• [DATASET CONTENT]

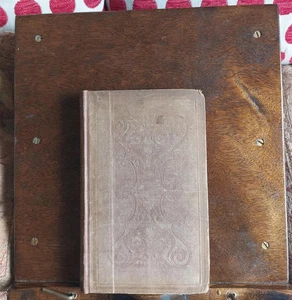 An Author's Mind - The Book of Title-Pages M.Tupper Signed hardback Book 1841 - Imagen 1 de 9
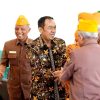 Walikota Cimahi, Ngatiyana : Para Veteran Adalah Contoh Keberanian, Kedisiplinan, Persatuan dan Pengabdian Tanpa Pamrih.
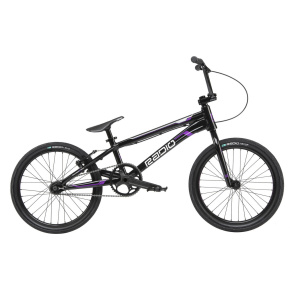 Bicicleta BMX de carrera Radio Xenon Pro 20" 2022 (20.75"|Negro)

---

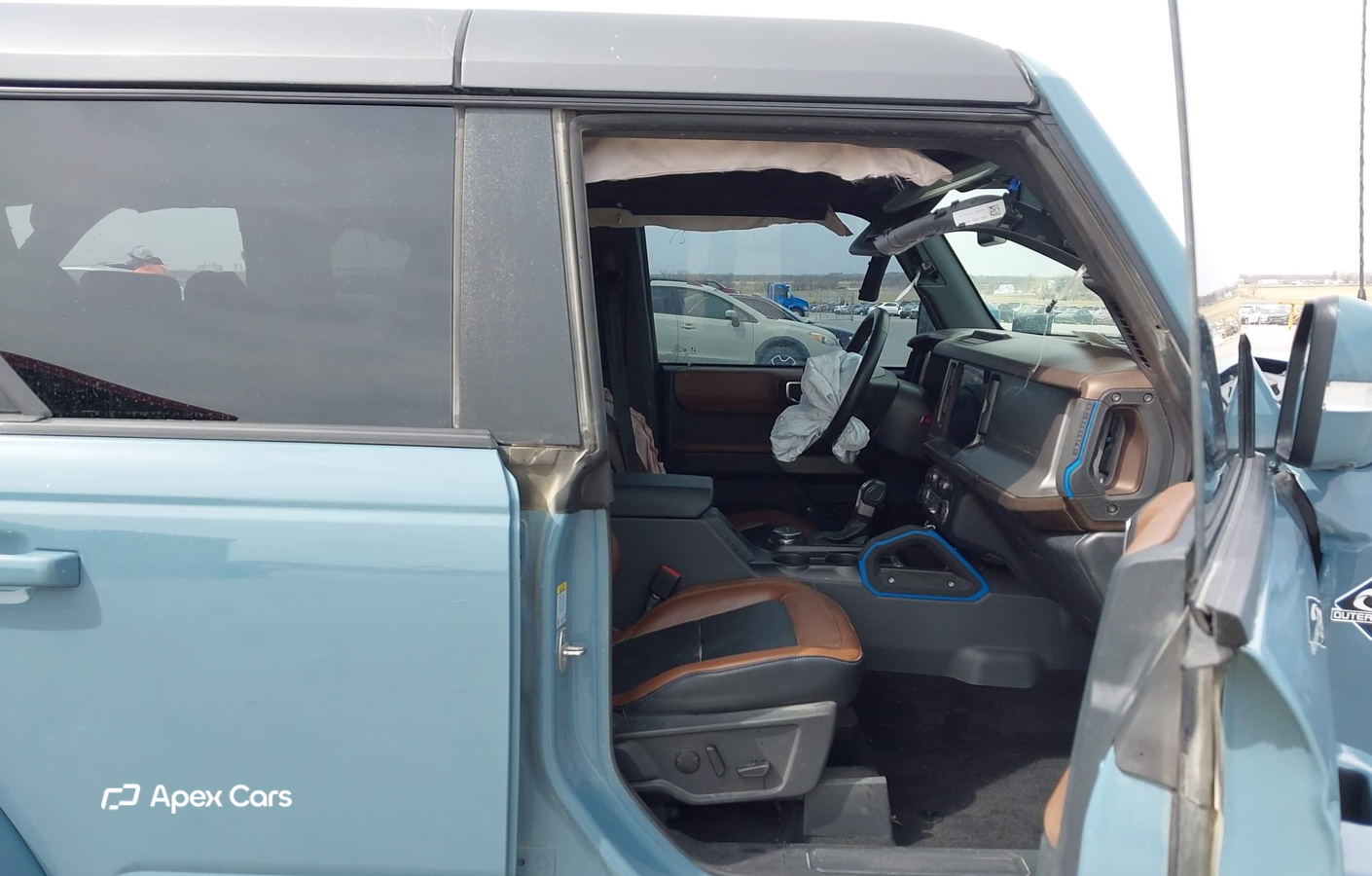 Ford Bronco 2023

* * *

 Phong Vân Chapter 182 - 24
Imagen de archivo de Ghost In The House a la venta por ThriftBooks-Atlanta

• [PROMPT]
In the material above, which lines fall between the one holding "Walikota Cimahi, Ngatiyana" and the one holding "Bicicleta BMX de", inclusive? Print exactly those, with the pictures left out.

• [ANSWER TO THE PROBLEM]
 Walikota Cimahi, Ngatiyana : Para Veteran Adalah Contoh Keberanian, Kedisiplinan, Persatuan dan Pengabdian Tanpa Pamrih.
 Bicicleta BMX de carrera Radio Xenon Pro 20" 2022 (20.75"|Negro)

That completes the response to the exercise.